Problem details —
Transcribe word for word the section of the records below that opens with the line containing "at the airport." and closes with the line containing "Celulares con tres"; drop every picture.

The records —
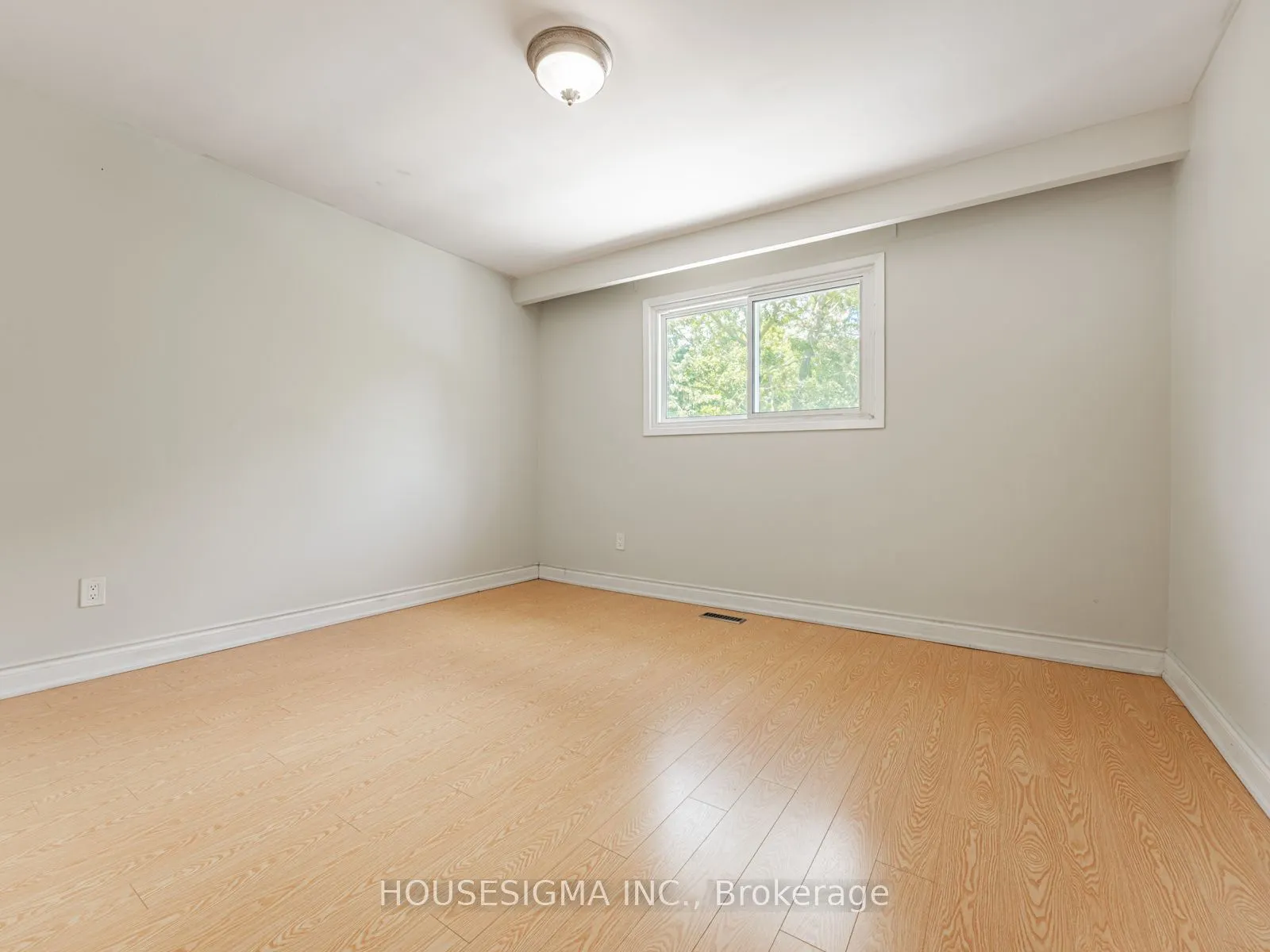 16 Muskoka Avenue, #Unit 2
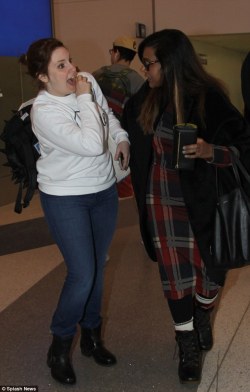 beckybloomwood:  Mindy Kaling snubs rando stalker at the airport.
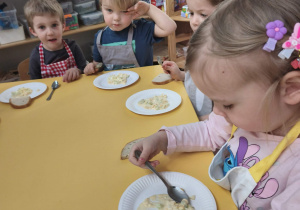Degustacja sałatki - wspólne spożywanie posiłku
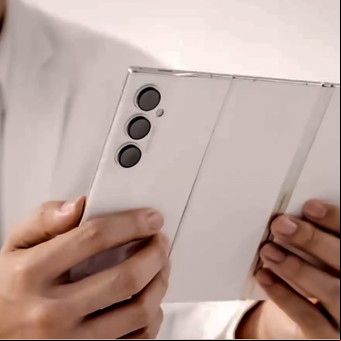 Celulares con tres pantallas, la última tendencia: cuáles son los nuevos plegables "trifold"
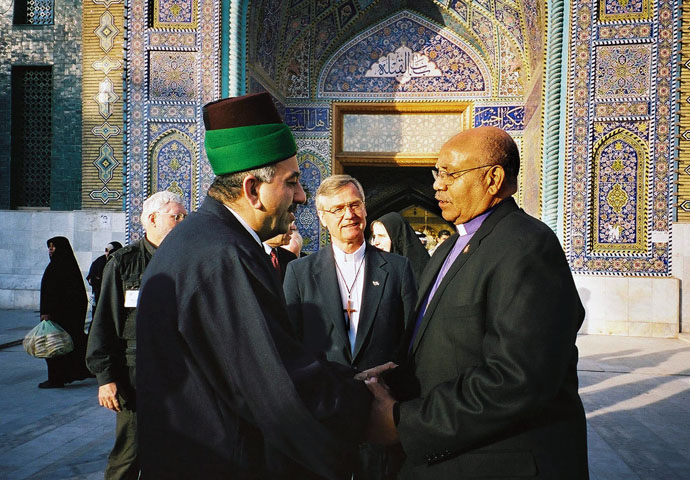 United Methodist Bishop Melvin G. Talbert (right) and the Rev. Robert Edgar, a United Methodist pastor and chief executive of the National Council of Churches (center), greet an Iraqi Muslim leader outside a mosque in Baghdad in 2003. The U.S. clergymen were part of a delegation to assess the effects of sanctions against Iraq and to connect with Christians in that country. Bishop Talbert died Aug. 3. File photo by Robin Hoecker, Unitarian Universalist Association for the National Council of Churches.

Response area —
 beckybloomwood:  Mindy Kaling snubs rando stalker at the airport.
Degustacja sałatki - wspólne spożywanie posiłku
 Celulares con tres pantallas, la última tendencia: cuáles son los nuevos plegables "trifold"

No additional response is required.